To track when the decisions come out check out: College Kick Start.



Thanks for the comments from two weeks ago. Here are my two cents.

Common sense:
Thanks for the explanations of UIUC and Cal. My point is that students applying to a college should use the same well-known names the college uses.

Mark Weiss:
I worked in Chicago one summer and it was Champaign Urbana. I never knew why it changed to Urbana Champaign. Thanks for the explanation.

U-M Grad:
Go Blue! A well-written comment reflecting the qualities of a great Michigan education! I agree, when I was a student there in the 70's everybody called it U of M. There are seven other states with a U of M. Hence, I use Michigan. They also used LS&A which is now LSA. I totally agree with you on the Oxford comma and fewer and less. For the rest of you, remember fewer farmers grow less wheat.
Community.
What is it worth to you?

Comments

Posted by Expectations , a resident of Another Palo Alto neighborhood,
on Mar 5, 2020 at 9:16 am

For the college coaches:

Stop advising students to choose reach, match, and safety schools. The pecking order sets them up for disappointment.

Help them think about their needs in life and education. If they apply to only well-researched places they really want to go, and where they will thrive, the schools are more likely to see the match and they are more likely to get in and be happy with their choice. Help them find and apply just to FIT colleges, places they will feel they belong.

We have great community colleges here that offer guaranteed transfer to great UCs and high-probability transfer to the flagship UCs, and even yearly transfers to the best colleges. Advise them to pick only FIT colleges, and forget about “safeties" - I don't mean never choose those colleges, I mean help them find FIT colleges where they will be happy. Period. If the colleges fit, they are more likely to get in. And if they don't get in, if they already have a plan for community college and transfer, again, no dashed hopes, they have a plan to get what they want.

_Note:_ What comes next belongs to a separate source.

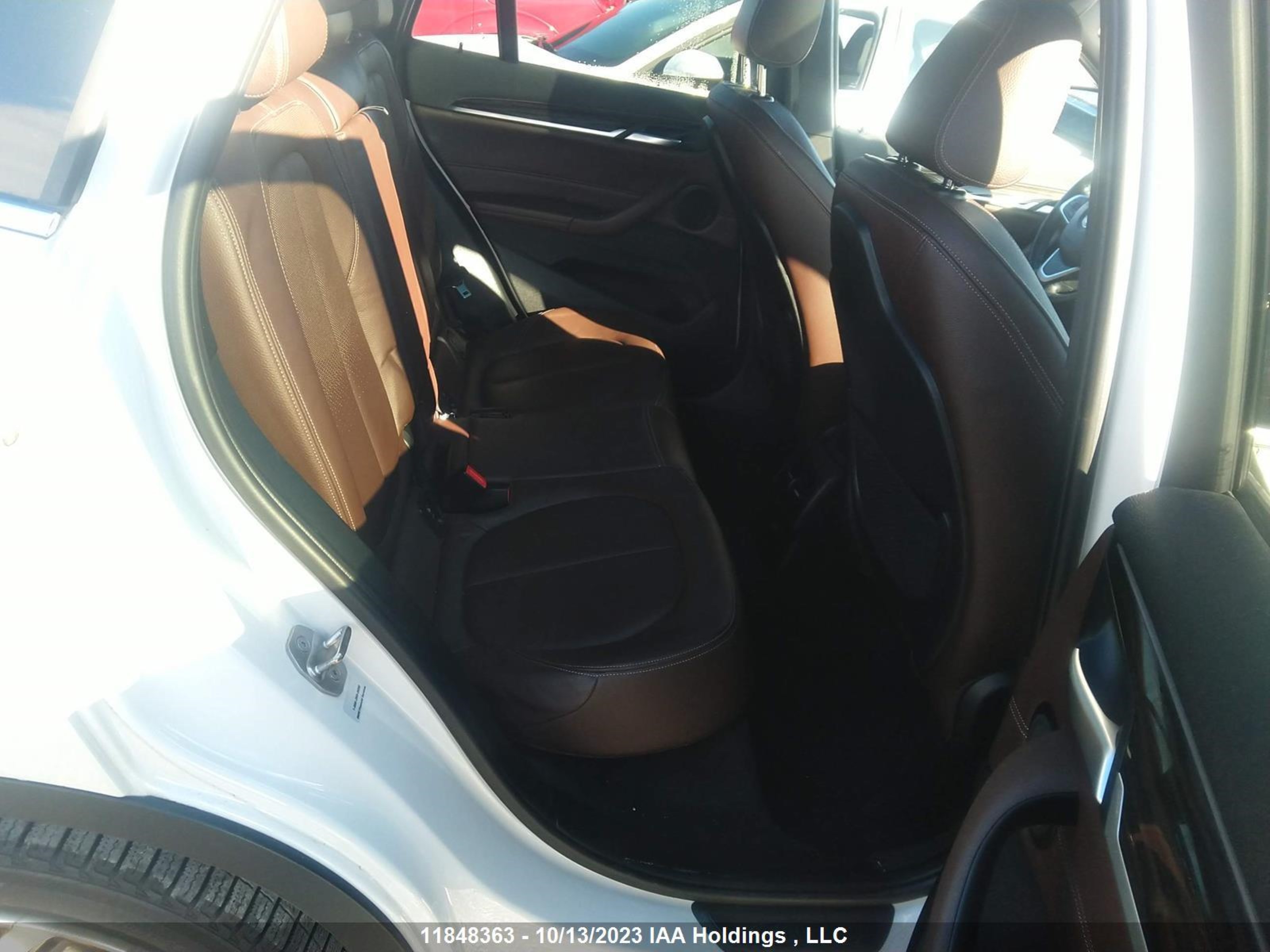 Photo 7 VIN: WBXHT3C38H5F79082 - BMW X1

For example, I have a friend whose kid really wanted a specific UC (that has guaranteed transfer), for a certain program. The student went through the usual application exercise and got into the safety, not the desired UC, and was hugely disappointed, but enrolled in the safety despite it not having been chosen for the reasons the student chose the desired UC. The parents and student didn't even know about guaranteed transfer until too late. If the student had simply been encouraged to apply only to good fit schools and to go the CC transfer route if no admission, there would have been no disappointment, only a different, already accepted route to the student's goal.

If that kind of thinking happens in the admissions process, then it's way easier to accept the answer. We ignored the advice of planners and encouraged our teen to really try to find good FIT colleges and apply only to them, and CC transfer in the event of no admission.

This meant our student decided from the getgo not to apply to Harvard or MIT, despite having legacy and stats at the top of their ranges, because they were not good fits for that student (and yes, one would be a great grad school fit). At admit time, this means no hard decisions then to take prestige over a less prestigious but better fit, and no disappointment because of rejections to places that student wouldn't have been happy going to anyway.

In fact, if the only pool is places the student really wants to go for good reasons they have researched before applying, and the student accepts that they might not get in anywhere but CC is a good alternative, then any acceptance is a joy and rejections were already accepted as par for the course. But it probably means more likely admissions because colleges can tell they really fit. Again, in the event of fewer admissions, it means there is no disappointment only happy choices to make between places already chosen as good options, including CC transfer.

Happiness with these outcomes depends a lot on expectations, and planning from the start to have only choices that one is happy with makes (has made) admit time not stressful at all in the way described above. I know that's probably too paradigm busting to college planners, but it's a way healthier process, including now.